Really consider the climate of your classroom and the language you’re using when you talk to students. How an instructor responds to students sets the tone for a class and can really encourage participation. For example, how do you respond to a student when you ask for them to explain their reasoning, and the student gives you something way off the wall? Sometimes that takes a little bit of acting skills. Practice how you’re going to respond to students when they give you their reasoning. If a student responds incorrectly, you can say, “That’s a common misconception, and thanks for bringing it up because it allows me to address that.” Or “I can understand/see how you potentially got that answer but there are a few points which are incorrect. Thanks so much because that allows me to clarify some details.” You’re thanking the student and creating an atmosphere where it’s okay to be wrong.
What are your future teaching aspirations, and how do you plan to achieve them
Ideally, I’m graduating in May. I would like to find a lecturer or a discipline-based educational research (DBER) position in a physics department in the Oregon area. I’d like to teach and do research on how to improve learning outcomes for courses while being closer to family.
What was one of your most influential classes?
One of my favorite classes was an anthropology course about Native American tribes and other cultures. Growing up in the Pacific Northwest, we learned about the local Native American tribes starting in elementary school. When I was at college in Arizona, I learned about the disparity between the tribes of the Pacific Northwest, where food was plentiful, and the Southwest, where tribes were trying to grow crops in the desert.
The class also explored a bunch of different cultures. It encouraged me to bring diversity into my teaching. Because of this course I have always tried to highlight the contributions from physicists whose backgrounds set them apart from many well-known physicists. This includes women, non-Western scientists, and physicists from low-income or non-traditional backgrounds.
Who are some of your favorite teachers, and why?
I was always close with my teachers growing up because I was very studious and I wanted to spend a lot of time at school. However, I mainly connected with the custodians or office staff because they were so kind. You could talk to them as human beings, not authority figures. They gave me non-judgmental advice and feedback. There was one custodian who worked at my middle school named Jim Hawkins, and I appreciated him so much that I named my first cat Jim.

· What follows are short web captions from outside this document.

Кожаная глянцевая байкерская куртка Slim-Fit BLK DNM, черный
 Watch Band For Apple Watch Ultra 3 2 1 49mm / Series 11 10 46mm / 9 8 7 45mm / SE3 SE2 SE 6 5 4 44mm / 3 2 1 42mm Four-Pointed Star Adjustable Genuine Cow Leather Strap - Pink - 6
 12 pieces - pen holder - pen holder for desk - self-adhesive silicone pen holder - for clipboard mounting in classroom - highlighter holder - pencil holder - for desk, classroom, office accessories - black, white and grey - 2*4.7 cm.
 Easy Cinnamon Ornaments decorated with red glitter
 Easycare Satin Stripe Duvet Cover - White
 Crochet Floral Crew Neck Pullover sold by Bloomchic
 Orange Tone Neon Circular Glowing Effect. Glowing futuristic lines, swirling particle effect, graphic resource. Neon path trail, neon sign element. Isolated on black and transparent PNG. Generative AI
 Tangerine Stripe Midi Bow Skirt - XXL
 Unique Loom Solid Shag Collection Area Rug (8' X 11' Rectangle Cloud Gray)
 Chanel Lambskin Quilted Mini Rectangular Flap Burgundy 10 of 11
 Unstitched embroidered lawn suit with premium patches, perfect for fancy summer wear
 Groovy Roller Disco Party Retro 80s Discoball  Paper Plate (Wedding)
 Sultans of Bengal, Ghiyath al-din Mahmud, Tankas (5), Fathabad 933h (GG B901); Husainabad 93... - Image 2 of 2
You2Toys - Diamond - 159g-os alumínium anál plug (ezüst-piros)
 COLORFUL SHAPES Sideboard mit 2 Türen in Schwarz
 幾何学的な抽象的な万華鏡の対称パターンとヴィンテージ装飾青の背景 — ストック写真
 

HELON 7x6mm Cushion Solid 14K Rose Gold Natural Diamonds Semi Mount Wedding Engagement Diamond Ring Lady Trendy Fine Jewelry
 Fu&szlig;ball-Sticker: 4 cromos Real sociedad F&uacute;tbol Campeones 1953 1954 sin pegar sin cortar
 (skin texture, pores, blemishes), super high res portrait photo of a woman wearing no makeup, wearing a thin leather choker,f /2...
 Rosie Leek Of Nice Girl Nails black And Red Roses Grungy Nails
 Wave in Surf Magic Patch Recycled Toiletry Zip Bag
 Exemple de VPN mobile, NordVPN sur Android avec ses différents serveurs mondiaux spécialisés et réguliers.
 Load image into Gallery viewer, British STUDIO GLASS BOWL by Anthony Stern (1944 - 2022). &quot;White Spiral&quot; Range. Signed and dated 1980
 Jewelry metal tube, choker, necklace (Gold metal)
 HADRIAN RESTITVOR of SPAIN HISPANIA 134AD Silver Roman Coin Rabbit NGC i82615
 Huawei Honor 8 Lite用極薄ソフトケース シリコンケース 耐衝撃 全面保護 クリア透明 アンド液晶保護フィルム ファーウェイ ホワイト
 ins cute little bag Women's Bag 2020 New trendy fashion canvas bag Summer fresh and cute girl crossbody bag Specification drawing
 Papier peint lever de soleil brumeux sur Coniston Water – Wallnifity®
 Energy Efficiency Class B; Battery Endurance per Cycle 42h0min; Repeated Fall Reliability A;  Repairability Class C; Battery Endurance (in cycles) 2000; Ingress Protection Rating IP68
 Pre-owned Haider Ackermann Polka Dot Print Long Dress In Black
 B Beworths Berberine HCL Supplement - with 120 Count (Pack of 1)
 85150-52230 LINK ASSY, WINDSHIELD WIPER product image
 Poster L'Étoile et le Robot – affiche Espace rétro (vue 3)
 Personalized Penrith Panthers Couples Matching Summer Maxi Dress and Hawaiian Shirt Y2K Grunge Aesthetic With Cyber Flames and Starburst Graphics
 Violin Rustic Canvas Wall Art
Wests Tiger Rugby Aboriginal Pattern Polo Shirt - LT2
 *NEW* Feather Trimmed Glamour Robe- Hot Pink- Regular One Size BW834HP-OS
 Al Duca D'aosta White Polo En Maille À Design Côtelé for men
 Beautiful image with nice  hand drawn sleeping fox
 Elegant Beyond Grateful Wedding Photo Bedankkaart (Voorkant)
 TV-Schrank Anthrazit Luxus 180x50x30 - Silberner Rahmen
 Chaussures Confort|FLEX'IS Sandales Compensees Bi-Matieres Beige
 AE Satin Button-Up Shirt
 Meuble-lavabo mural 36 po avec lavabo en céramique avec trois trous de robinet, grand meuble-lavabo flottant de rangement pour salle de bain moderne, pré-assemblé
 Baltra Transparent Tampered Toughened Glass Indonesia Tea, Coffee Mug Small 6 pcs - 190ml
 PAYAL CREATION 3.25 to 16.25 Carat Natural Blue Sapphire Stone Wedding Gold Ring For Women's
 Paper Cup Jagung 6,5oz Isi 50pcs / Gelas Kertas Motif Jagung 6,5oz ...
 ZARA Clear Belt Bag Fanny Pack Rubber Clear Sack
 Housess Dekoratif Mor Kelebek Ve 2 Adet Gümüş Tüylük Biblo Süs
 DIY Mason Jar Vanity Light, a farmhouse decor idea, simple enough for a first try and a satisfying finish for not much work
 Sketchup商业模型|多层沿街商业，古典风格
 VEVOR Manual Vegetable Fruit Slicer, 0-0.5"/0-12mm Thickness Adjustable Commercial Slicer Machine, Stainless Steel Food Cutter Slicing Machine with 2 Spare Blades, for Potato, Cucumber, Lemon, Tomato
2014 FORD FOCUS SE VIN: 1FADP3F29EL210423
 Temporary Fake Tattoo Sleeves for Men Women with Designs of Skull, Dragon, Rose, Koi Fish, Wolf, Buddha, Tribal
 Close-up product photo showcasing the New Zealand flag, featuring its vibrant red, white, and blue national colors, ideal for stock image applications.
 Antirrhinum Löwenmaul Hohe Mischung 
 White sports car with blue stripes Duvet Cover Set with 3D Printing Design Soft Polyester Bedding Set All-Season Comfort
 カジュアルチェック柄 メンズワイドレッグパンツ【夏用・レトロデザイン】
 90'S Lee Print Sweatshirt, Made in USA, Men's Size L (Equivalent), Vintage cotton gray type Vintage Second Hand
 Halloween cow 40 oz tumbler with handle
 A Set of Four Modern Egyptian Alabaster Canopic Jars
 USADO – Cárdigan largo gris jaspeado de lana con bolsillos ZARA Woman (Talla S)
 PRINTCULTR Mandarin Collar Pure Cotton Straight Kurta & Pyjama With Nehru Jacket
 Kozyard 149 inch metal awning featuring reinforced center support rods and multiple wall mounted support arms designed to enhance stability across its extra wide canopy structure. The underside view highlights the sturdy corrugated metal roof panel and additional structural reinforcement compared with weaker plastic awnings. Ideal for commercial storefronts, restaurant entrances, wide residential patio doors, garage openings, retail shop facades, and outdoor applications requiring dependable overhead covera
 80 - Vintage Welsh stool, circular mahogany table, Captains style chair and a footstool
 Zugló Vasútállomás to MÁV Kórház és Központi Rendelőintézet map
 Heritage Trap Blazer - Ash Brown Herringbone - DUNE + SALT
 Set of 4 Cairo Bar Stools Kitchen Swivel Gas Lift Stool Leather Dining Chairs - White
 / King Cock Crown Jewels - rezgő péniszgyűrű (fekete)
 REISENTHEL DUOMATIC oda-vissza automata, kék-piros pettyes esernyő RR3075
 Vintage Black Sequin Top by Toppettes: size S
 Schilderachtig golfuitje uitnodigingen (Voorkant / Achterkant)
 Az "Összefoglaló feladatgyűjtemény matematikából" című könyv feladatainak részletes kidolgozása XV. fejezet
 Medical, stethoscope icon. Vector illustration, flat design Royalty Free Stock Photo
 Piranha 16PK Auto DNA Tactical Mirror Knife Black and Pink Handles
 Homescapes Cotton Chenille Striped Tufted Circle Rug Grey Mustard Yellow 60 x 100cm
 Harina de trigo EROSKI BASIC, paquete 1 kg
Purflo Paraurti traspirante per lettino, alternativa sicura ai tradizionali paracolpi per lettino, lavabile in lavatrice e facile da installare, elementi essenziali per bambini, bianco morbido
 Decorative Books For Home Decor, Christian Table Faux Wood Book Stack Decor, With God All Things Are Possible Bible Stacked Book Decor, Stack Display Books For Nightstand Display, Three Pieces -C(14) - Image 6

As far as WashU goes, I am lucky to have interacted with so many fabulous educators here. However, one of my favorite physics professors at WashU is Dr. Manel Errando. I really enjoy watching him teach because he really works through and connects different concepts. While the concept questions or examples he picks can be more challenging—they spark conversation and really engage students. Furthermore, when the students are struggling, Manel always goes back and has a discussion with the students to address misconceptions or harder parts. Watching Manel teach is like watching an artist or a great actor perform–he’s a phenomenal teacher, and a joy to work with. He’s also provided key insights into where students struggle or get lost and has always been helpful in providing feedback whenever you ask him. I’ve always appreciated that.